聖武天皇は「災害と疫病」から民衆を守る為、「大仏建立」を成されました。東大寺は総合大学・現場実習の活動の場であり、総本山としての位置にあり、諸国国分寺・国分尼寺を建立し、日本中の隅々まで仏法の光をあてようと計画なされました。僧・行基は「善智識」達を指導してこの任に当たります。
この頃に日本の優れた若者達を全国より集め、僧として修業させ、「大仏建立」は「識字率」を大いに増大・普及させます。文明国家の建設・天平の「文明開化」であります。
正倉院も各地に建設され「兵站基地」の役割を担うのでしょう。
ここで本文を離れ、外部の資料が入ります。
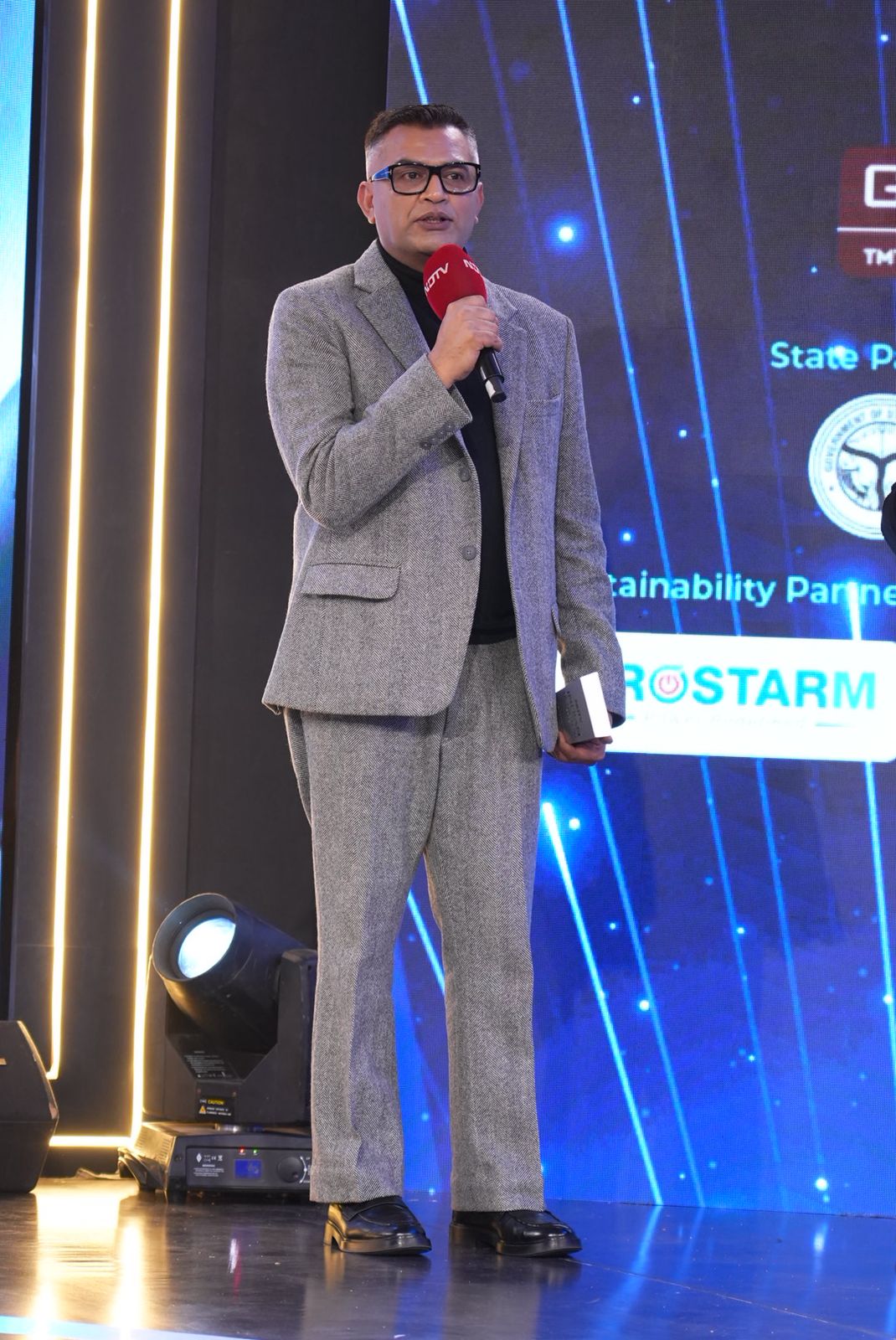 Janhvi Kapoor's Gratitude For Neeraj Ghaywan Casting Her In <i>Homebound</i>: "He Saw Something In Me That Even I Cant' See"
蓄積された富・渡来の薬品は、民衆を救うために緊急時に放出されます。
「如何ほどのものか。」と現代人・学者が言います。思想も科学も未分化な時代だと言われます。しかし、天平の大仏殿は現在の物の1.5倍の容積であり、コンピューターも重機械も無い時代に「人々の手により」建設されたのです。日本中の人々が手と手を合わせ、人海戦術を展開し「力を一つに結集」させたのです。日本が、奈良が、「大和」と呼ばれるのもこの頃からです。
しかしボランティア「人海戦術」は21世紀にても有効なのを私は水害被災地にて見てきました。
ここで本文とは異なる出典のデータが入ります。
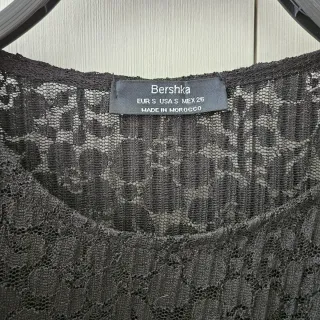 Camiseta negra encaje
阪神大震災の時には「ライフライン」が寸断されました。これはある意味で部分的な「文明崩壊」現象であるのでしょう。しかし人々が手と手を合わせ力を結集すればこれを乗り越えることができることを、この時に人々は証明したのです。「ボランティア元年」とさえ言われました。支えあい・助け合うのは人間のDNAなのです。叡知なのです。
聖武天皇は「心あらば一枝の草、一握りの土をもちて造佛を助けたまえ。」と、言うことで民衆を現場にボランティア参加させ、識字・教育を普及させて、民衆に近代科学・仏教の叡知を伝えたのです。叡知により民衆を目覚めさせ、「困難に立ち向かう」勇気としたのです。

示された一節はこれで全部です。